REQUIREMENT> Copy nothing from the entries below except the lines from the one containing "172 Old Willimantic" through the one containing "Black Running Quarter Socks - Image 5", and copy those exactly.

MATERIAL PROVIDED>
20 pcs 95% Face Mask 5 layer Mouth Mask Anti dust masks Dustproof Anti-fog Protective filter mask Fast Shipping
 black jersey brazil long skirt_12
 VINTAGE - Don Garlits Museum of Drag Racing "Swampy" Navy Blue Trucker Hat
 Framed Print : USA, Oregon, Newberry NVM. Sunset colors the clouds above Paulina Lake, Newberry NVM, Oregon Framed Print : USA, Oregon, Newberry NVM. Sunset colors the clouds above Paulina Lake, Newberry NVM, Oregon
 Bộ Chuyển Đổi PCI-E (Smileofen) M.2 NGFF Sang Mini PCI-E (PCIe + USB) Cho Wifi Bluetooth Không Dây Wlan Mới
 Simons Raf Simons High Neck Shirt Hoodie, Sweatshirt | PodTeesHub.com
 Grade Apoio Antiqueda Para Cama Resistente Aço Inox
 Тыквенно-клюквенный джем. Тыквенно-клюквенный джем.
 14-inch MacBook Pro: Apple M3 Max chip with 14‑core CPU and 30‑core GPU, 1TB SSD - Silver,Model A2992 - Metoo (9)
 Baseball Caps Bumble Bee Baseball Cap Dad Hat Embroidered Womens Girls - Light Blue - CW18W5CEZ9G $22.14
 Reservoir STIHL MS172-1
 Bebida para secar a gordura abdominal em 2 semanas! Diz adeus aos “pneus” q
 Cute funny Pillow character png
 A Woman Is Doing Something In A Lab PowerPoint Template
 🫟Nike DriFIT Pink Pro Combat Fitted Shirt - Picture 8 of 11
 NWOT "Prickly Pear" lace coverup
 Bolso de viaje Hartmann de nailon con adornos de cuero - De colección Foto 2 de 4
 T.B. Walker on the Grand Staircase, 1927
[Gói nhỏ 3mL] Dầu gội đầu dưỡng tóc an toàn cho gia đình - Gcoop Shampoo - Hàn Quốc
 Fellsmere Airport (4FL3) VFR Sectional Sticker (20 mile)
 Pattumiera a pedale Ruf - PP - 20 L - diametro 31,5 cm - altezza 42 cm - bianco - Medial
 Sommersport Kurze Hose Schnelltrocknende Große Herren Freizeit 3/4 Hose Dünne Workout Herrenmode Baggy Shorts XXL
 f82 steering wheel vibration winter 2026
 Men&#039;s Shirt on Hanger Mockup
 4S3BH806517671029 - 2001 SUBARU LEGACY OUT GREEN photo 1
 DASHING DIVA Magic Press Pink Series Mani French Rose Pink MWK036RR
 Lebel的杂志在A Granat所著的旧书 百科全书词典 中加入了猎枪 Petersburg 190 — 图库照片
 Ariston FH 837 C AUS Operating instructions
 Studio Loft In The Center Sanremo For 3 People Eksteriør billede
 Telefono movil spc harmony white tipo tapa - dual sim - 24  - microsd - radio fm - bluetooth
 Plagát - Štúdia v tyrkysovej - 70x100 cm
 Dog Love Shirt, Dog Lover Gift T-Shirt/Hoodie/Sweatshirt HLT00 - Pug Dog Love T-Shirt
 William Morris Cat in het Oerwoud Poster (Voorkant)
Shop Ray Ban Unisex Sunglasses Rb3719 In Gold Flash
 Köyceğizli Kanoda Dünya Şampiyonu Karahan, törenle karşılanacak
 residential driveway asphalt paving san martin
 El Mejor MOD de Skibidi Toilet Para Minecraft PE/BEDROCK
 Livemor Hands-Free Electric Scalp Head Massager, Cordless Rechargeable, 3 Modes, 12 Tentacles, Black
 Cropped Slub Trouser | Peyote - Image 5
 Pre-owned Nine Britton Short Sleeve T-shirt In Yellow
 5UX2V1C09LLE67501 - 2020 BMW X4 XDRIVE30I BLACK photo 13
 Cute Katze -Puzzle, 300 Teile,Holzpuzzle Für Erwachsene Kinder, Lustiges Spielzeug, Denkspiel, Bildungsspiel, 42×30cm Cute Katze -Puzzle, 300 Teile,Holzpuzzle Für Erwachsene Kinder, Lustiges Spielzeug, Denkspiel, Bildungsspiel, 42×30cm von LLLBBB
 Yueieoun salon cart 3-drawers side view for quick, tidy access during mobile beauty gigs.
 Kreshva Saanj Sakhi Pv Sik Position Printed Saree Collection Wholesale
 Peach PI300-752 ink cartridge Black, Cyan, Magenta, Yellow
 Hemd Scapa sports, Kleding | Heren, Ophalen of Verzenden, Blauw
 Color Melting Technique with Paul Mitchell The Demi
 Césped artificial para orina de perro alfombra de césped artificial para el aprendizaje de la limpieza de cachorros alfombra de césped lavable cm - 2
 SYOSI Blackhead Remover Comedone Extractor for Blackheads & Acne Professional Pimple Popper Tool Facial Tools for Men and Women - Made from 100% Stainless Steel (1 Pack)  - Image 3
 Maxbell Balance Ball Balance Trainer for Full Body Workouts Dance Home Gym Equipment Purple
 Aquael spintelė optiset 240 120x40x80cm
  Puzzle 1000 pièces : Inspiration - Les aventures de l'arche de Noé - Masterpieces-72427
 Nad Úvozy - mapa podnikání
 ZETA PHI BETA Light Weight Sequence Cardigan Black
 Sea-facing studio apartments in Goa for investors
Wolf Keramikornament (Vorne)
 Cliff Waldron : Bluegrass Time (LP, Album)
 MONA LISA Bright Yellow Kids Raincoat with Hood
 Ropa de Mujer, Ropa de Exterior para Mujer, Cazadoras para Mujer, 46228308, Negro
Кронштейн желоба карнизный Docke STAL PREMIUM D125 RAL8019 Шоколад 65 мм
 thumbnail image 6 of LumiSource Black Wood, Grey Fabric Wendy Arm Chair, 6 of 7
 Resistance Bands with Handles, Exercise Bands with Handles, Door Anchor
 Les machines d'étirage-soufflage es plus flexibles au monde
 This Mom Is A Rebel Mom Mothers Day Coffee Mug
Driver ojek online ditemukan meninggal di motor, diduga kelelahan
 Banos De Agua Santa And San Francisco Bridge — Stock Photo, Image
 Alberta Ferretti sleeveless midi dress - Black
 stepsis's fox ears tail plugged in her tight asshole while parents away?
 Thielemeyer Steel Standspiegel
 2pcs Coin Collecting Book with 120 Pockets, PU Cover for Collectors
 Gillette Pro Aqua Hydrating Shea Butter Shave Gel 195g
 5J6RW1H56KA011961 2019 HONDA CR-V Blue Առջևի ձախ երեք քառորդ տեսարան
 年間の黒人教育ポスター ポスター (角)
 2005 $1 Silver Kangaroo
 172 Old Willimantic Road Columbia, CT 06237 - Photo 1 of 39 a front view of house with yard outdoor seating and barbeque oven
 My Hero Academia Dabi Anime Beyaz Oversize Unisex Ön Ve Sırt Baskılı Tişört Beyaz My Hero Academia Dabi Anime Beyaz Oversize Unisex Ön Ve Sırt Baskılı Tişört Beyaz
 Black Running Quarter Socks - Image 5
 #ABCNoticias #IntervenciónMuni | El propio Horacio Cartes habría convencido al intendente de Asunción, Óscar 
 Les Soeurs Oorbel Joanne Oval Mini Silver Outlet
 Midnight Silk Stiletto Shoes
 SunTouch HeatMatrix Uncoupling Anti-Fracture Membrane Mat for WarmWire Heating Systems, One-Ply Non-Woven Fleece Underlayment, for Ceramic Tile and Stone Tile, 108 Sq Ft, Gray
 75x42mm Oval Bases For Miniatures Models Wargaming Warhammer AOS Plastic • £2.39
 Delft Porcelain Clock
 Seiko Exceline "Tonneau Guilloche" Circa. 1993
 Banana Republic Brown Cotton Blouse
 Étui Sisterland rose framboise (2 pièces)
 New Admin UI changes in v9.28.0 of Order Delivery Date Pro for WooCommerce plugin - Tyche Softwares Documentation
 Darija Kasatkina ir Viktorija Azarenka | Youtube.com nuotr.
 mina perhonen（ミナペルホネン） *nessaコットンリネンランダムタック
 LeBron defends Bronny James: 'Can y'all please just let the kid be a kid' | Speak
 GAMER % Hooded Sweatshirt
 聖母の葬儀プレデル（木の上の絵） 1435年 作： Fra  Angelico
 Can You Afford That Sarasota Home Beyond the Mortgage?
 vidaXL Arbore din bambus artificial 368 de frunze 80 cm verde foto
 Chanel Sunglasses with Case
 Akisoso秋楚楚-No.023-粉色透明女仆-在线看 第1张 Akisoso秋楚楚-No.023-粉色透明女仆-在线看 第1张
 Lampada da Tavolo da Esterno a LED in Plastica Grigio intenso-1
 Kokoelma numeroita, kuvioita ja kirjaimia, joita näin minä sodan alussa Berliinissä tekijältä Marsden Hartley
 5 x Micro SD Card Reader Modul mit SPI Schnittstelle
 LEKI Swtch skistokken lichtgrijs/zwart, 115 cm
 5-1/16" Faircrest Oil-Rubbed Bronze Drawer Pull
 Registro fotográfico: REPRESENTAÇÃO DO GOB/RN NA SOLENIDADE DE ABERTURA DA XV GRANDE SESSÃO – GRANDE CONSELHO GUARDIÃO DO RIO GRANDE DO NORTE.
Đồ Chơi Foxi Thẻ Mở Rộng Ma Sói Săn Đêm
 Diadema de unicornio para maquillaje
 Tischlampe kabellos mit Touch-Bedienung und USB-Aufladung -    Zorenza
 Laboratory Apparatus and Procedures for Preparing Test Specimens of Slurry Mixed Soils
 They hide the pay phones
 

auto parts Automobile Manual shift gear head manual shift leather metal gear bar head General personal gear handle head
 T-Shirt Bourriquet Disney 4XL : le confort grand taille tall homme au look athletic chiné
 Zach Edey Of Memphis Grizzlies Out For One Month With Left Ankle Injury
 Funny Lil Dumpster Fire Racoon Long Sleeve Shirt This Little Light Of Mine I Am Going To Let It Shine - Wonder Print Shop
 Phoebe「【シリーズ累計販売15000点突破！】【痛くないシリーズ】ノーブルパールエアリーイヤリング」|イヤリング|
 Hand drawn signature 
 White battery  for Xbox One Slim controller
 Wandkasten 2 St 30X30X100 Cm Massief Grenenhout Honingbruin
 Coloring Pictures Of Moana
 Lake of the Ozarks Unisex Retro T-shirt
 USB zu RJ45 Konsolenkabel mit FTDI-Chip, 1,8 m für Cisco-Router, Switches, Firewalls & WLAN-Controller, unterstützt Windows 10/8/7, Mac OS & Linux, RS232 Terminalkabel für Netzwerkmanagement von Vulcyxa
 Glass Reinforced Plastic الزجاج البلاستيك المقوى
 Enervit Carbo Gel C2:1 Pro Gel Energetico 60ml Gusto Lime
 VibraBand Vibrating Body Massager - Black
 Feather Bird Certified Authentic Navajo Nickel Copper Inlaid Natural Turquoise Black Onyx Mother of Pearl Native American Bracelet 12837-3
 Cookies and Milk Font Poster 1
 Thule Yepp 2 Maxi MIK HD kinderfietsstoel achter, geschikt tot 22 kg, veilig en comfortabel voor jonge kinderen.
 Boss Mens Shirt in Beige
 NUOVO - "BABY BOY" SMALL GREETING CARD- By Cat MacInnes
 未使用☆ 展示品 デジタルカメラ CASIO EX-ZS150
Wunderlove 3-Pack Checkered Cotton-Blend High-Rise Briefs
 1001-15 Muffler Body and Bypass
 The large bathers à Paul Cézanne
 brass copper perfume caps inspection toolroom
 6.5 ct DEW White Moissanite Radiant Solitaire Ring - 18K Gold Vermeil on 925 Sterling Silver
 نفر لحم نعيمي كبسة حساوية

SOLVED PROBLEM>
 172 Old Willimantic Road Columbia, CT 06237 - Photo 1 of 39 a front view of house with yard outdoor seating and barbeque oven
 My Hero Academia Dabi Anime Beyaz Oversize Unisex Ön Ve Sırt Baskılı Tişört Beyaz My Hero Academia Dabi Anime Beyaz Oversize Unisex Ön Ve Sırt Baskılı Tişört Beyaz
 Black Running Quarter Socks - Image 5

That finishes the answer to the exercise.